## Data under study
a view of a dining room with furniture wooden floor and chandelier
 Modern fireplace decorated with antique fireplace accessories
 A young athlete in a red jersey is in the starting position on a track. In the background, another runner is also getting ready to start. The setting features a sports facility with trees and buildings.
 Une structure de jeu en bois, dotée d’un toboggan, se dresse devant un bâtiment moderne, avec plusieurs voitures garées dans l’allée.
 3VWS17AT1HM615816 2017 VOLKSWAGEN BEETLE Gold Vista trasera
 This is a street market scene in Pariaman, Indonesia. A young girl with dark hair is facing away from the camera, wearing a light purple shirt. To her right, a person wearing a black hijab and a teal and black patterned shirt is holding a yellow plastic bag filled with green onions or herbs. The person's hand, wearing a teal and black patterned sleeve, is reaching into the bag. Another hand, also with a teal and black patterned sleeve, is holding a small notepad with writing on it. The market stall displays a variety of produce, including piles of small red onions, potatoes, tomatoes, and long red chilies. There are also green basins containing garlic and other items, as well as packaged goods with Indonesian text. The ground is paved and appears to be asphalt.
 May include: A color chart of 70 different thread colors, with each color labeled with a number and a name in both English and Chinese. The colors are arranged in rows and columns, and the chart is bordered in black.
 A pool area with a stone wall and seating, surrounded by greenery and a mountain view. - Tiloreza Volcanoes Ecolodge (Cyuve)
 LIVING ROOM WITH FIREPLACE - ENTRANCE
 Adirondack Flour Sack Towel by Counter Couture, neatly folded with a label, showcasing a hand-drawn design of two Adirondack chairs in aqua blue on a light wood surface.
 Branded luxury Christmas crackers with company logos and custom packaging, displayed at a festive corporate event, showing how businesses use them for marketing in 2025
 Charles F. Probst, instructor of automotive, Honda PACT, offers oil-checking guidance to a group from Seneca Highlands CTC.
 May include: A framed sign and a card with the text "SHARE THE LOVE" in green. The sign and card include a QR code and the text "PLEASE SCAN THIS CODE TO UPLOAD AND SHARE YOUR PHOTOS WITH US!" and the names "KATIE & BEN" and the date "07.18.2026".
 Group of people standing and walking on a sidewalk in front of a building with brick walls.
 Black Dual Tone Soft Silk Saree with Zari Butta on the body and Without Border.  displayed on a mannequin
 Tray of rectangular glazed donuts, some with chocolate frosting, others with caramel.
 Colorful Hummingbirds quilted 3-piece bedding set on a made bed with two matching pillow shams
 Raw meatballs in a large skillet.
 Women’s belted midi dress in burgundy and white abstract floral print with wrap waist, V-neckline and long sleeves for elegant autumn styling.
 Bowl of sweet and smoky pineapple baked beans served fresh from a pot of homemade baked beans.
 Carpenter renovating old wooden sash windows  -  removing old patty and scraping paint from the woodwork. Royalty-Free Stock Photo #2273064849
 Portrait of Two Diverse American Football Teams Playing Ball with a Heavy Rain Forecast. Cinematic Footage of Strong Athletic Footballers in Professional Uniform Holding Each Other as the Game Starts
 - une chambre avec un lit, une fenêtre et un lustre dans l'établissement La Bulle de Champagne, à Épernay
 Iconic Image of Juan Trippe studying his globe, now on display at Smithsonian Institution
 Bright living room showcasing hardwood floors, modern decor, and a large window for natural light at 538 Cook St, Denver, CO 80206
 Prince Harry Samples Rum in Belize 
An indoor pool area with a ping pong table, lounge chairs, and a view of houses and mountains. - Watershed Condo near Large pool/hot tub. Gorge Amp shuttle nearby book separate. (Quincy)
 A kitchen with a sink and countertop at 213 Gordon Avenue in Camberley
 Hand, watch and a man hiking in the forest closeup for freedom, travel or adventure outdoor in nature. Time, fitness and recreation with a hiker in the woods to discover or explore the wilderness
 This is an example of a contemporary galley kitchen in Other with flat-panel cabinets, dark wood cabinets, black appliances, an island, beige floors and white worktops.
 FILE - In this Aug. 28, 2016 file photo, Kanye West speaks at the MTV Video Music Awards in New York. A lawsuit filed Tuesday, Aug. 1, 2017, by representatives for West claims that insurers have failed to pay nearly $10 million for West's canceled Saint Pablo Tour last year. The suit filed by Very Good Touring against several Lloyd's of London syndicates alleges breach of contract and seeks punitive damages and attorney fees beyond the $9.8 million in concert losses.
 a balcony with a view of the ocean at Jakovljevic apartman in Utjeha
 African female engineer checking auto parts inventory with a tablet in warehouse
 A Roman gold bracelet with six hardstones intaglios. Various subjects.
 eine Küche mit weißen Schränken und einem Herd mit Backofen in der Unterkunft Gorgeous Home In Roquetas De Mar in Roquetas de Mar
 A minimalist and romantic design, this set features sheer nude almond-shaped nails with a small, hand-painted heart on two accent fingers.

## What is being asked
Copy the stretch of the records above that runs from the line with "Colorful Hummingbirds quilted" through the line with "Bowl of sweet". Both end lines belong in the copy, and nothing else does.

## Completed exercise
 Colorful Hummingbirds quilted 3-piece bedding set on a made bed with two matching pillow shams
 Raw meatballs in a large skillet.
 Women’s belted midi dress in burgundy and white abstract floral print with wrap waist, V-neckline and long sleeves for elegant autumn styling.
 Bowl of sweet and smoky pineapple baked beans served fresh from a pot of homemade baked beans.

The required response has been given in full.